Over the previous two days, we put on many miles. We walked by the Mississippi and watched the ships come and go. Lunch was sometimes missed because we ate a late breakfast. Dinner was always at a different place. Art and culture were everywhere. Painters, sculptors, jewelers and textile artists sell their wares on the sidewalks near St Louis Cathedral every day. Horse drawn carriages pulled by mules wait for lovers and sightseers along Decatur. Mules are used because of the heat and humidity, an apparently all to common occurrence during the late spring, summer and even early autumn.
During the mule drawn carriage ride we took ( doesn’t have the same ring, does it? ) we were told of the history of the city, why street signs are in three languages, French, Spanish and English. We rode by such things as the self proclaimed “oldest bar” in the United States and a wrought iron fence fashioned as corn stalks. We found out Rue Royale is closed to vehicles during the day so the street performers can draw crowds in safety while Rue Bourbon is closed in the evening because of the party goes who throng there. Most never leave the quarter sober and it appears to be some kind of badge of honor to get completely inebriated and not remember a thing about your visit. What I saw was a Bourbon Street with countless massage parlors, adult shops and tiny little hole in the wall bars.
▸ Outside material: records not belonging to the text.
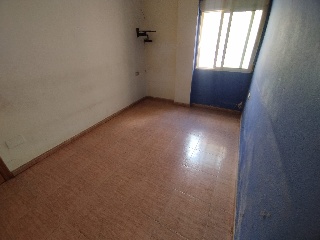 Piso con garaje en C/ Pintor Jose Coll 7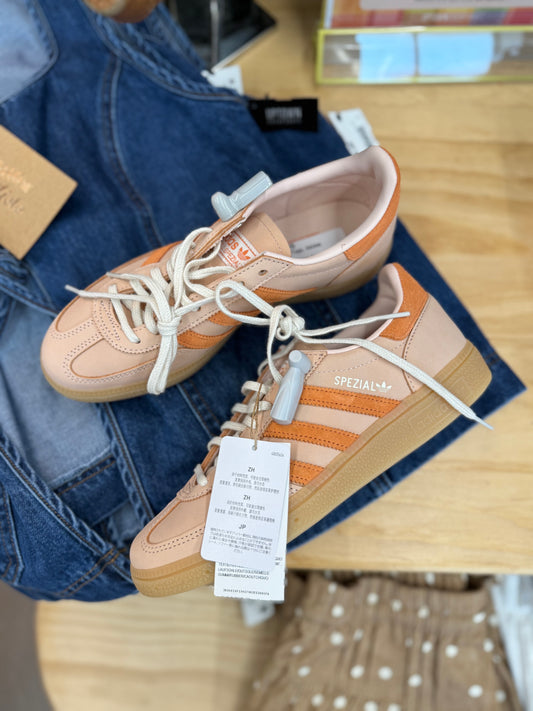 NWT Adidas Handball Spezial Sneaker in Blush Pink, Dusky Orange & Off White size 9 women’s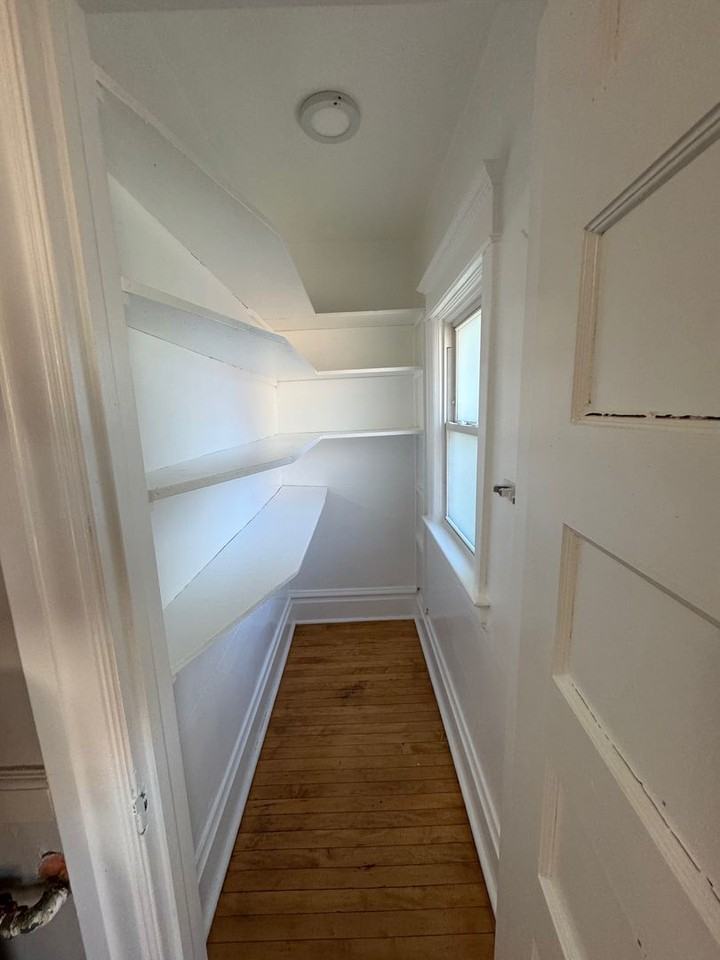 1657 5th Ave - Photo 6 of 10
Yes, New Orleans is a city of excesses. People eat, drink and enjoy music to excess. They live, love and laugh to excess and when the time comes, they throw a party like no one else in the states. Carnival season starts on January 6th, the official end of the Christmas holiday. It runs through Mardi Gras, or Fat Tuesday, the day before Ash Wednesday, the Christian beginning of Lent. Most years, this time frame covers roughly 56 days. The carriage driver suggested that after 56 days of parades and parties with the grand daddy of them all on Mardi Gras, most people of New Orleans have a reason to take Lent seriously.